DATA EXTRACT
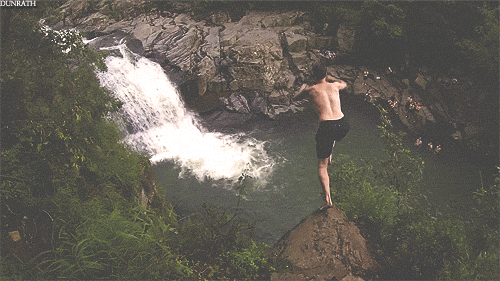 GIF de salto de verão - Encontre e compartilhe no GIPHY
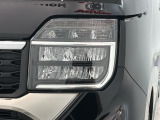 LEDヘッドライトは、点灯の瞬間から最大光量を発揮し、突然暗くなるトンネルなどでの安定感を高めます。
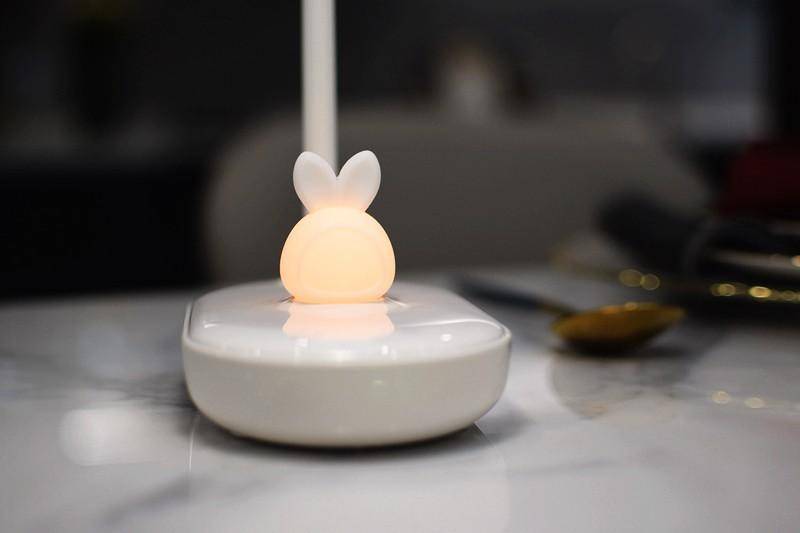 无极调光 萌兔独立小夜灯 飞利浦智睿双光源充电台灯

AIM OF THE EXERCISE
The reply should contain all of the data above, word for word, with no pictures.

YOUR RESPONSE
 GIF de salto de verão - Encontre e compartilhe no GIPHY
 LEDヘッドライトは、点灯の瞬間から最大光量を発揮し、突然暗くなるトンネルなどでの安定感を高めます。
 无极调光 萌兔独立小夜灯 飞利浦智睿双光源充电台灯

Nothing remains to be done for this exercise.